Text-to-speech using neural audio codec and causal language models

These details have not been verified by PyPI

Project links

Project description

Kani-TTS

A simple and efficient text-to-speech library using neural audio codecs and causal language models.

Features

Simple, intuitive API
Built on Hugging Face Transformers and NVIDIA NeMo
High-quality audio generation using neural codecs
GPU acceleration support
Multi-speaker model support with easy speaker selection

Installation

From PyPI (once published)

pip install kani-tts
pip install -U "transformers==4.57.1" # for LFM2 !!!

Quick Start

from kani_tts import KaniTTS

# Initialize model (replace with your model name)
model = KaniTTS('your-model-name-here')

# Generate audio from text
audio, text = model("Hello, world!")

# Save to file (requires soundfile)
model.save_audio(audio, "output.wav")

Advanced Usage

Working with Multi-Speaker Models

Some models support multiple speakers. You can check if your model supports speakers and select a specific voice:

from kani_tts import KaniTTS

model = KaniTTS('your-multispeaker-model-name')

# Check if model supports multiple speakers
print(f"Model type: {model.status}")  # 'singlspeaker' or 'multispeaker'

# Display available speakers (pretty formatted)
model.show_speakers()

# Or access the speaker list directly
print(model.speaker_list)  # ['Speaker1', 'Speaker2', ...]

# Generate audio with a specific speaker
audio, text = model.generate("Hello, world!", speaker_id="Speaker1")
model.save_audio(audio, "speaker1_output.wav")

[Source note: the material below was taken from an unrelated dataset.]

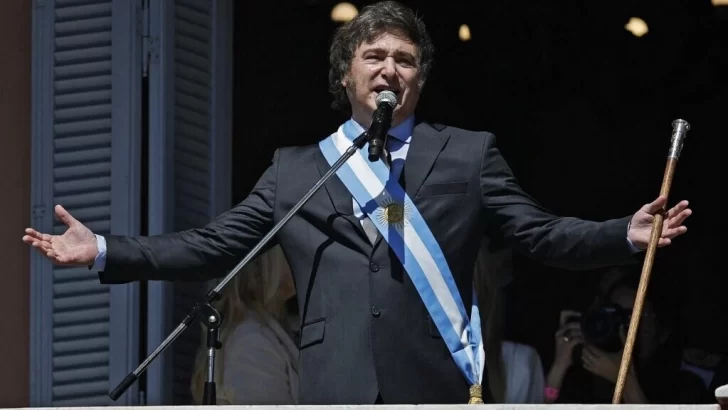 Milei promete un 'shock' económico al asumir la presidencia de Argentina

# Or using the shorthand call syntax
audio, text = model("Hello, world!", speaker_id="Speaker1")

Custom Configuration

from kani_tts import KaniTTS

model = KaniTTS(
    'your-model-name',
    temperature=0.7,           # Control randomness (default: 1.0)
    top_p=0.9,                 # Nucleus sampling (default: 0.95)
    max_new_tokens=2000,       # Max audio length (default: 1200)
    repetition_penalty=1.2,    # Prevent repetition (default: 1.1)
    suppress_logs=True,        # Suppress library logs (default: True)
    show_info=True,            # Show model info on init (default: True)
)

audio, text = model("Your text here")

When initialized, Kani-TTS displays a beautiful banner with model information:

╔════════════════════════════════════════════════════════════╗
║                                                            ║
║                   N I N E N I N E S I X  😼                ║
║                                                            ║
╚════════════════════════════════════════════════════════════╝

              /\_/\
             ( o.o )
              > ^ <

──────────────────────────────────────────────────────────────
  Model: your-model-name
  Device: GPU (CUDA)
  Mode: Multi-speaker (5 speakers)

  Configuration:
    • Sample Rate: 22050 Hz
    • Temperature: 1.0
    • Top-p: 0.95
    • Max Tokens: 1200
    • Repetition Penalty: 1.1
──────────────────────────────────────────────────────────────

  Ready to generate speech! 🎵

You can disable this banner by setting show_info=False, or show it again anytime with model.show_model_info().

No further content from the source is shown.